(INPUT FOR THIS TASK Opens)
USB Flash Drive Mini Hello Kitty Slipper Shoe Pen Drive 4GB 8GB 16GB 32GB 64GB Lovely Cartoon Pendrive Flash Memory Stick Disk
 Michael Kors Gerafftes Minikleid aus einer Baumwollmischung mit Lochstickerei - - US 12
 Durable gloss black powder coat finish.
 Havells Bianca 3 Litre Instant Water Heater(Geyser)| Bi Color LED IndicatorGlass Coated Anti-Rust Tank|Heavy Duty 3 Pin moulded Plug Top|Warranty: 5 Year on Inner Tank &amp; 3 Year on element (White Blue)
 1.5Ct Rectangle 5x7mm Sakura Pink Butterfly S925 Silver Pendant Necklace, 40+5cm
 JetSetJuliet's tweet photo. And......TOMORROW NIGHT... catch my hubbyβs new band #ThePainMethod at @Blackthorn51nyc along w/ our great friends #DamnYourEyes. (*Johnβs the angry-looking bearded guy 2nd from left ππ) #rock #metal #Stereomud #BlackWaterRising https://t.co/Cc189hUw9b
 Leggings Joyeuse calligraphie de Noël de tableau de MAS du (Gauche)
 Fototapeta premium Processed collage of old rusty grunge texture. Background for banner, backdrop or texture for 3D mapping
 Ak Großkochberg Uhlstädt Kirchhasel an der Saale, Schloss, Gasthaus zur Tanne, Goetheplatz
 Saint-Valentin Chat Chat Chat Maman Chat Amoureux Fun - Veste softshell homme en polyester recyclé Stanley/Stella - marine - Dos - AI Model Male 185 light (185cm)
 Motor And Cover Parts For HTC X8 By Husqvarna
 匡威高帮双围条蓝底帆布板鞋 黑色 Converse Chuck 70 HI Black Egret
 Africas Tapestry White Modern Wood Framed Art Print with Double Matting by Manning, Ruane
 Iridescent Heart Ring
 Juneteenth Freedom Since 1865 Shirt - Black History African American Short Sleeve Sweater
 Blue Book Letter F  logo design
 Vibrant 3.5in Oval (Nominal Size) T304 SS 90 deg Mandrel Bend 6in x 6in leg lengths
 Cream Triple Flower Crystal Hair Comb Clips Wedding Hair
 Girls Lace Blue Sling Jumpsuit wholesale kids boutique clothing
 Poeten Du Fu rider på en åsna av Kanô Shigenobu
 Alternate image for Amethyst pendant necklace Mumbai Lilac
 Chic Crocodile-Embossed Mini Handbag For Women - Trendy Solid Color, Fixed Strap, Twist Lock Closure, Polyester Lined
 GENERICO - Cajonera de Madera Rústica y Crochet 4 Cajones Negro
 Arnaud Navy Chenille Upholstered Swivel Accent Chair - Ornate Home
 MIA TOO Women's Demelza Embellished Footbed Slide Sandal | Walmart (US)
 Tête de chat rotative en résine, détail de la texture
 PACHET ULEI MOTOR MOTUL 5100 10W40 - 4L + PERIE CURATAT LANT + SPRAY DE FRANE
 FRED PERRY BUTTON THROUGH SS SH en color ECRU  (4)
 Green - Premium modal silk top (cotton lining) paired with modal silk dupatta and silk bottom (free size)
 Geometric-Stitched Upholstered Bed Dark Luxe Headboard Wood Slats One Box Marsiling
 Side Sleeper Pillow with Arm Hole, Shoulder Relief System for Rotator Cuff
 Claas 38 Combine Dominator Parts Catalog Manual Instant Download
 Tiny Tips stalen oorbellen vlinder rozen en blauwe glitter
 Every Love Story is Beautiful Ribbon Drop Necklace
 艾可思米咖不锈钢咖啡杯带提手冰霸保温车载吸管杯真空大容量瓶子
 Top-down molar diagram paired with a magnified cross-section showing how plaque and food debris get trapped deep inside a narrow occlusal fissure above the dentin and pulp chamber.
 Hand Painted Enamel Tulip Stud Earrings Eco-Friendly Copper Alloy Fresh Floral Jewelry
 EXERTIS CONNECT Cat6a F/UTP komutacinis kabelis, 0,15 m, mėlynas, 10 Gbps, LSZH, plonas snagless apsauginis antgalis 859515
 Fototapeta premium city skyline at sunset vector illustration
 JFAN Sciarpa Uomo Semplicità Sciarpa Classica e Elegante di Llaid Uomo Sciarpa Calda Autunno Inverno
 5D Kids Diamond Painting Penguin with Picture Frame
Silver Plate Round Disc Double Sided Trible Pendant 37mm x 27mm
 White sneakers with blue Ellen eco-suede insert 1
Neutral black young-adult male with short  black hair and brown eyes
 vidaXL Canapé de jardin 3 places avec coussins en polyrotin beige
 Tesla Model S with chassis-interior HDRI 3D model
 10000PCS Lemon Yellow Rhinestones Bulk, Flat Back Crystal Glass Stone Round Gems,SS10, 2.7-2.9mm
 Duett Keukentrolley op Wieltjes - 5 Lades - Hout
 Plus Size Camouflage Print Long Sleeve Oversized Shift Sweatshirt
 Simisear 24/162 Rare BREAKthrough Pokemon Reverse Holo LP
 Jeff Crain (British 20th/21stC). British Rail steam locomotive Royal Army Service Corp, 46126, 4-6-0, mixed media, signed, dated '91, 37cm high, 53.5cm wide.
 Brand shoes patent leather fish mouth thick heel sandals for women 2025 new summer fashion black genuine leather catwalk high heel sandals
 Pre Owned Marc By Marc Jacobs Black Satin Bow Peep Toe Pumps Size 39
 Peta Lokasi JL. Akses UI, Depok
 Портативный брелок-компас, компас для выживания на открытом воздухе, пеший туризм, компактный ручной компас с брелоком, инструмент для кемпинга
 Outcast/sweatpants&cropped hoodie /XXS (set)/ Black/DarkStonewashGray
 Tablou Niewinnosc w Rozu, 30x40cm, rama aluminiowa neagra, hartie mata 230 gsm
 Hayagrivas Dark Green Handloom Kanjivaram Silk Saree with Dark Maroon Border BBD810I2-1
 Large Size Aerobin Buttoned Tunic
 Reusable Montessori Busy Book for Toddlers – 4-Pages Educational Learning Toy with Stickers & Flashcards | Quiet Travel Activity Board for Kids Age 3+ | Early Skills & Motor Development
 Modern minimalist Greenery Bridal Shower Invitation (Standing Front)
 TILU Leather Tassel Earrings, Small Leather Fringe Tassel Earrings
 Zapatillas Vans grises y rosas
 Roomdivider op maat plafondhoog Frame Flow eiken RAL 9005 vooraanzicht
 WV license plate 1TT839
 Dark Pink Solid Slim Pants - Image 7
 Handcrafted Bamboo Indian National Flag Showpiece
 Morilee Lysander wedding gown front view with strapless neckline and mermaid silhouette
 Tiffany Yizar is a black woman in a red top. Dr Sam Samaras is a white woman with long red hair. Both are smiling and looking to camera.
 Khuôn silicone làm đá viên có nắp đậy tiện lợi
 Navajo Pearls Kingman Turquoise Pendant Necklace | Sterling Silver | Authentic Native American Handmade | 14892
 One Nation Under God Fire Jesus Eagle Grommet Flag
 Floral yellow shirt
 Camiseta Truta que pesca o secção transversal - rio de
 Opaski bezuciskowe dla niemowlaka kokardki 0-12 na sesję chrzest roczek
(INPUT FOR THIS TASK Closes)
### [EXERCISE REQUIREMENTS]
The answer must consist of every line from the entries that holds the string "paired".

### [WRITTEN RESPONSE]
 Green - Premium modal silk top (cotton lining) paired with modal silk dupatta and silk bottom (free size)
 Top-down molar diagram paired with a magnified cross-section showing how plaque and food debris get trapped deep inside a narrow occlusal fissure above the dentin and pulp chamber.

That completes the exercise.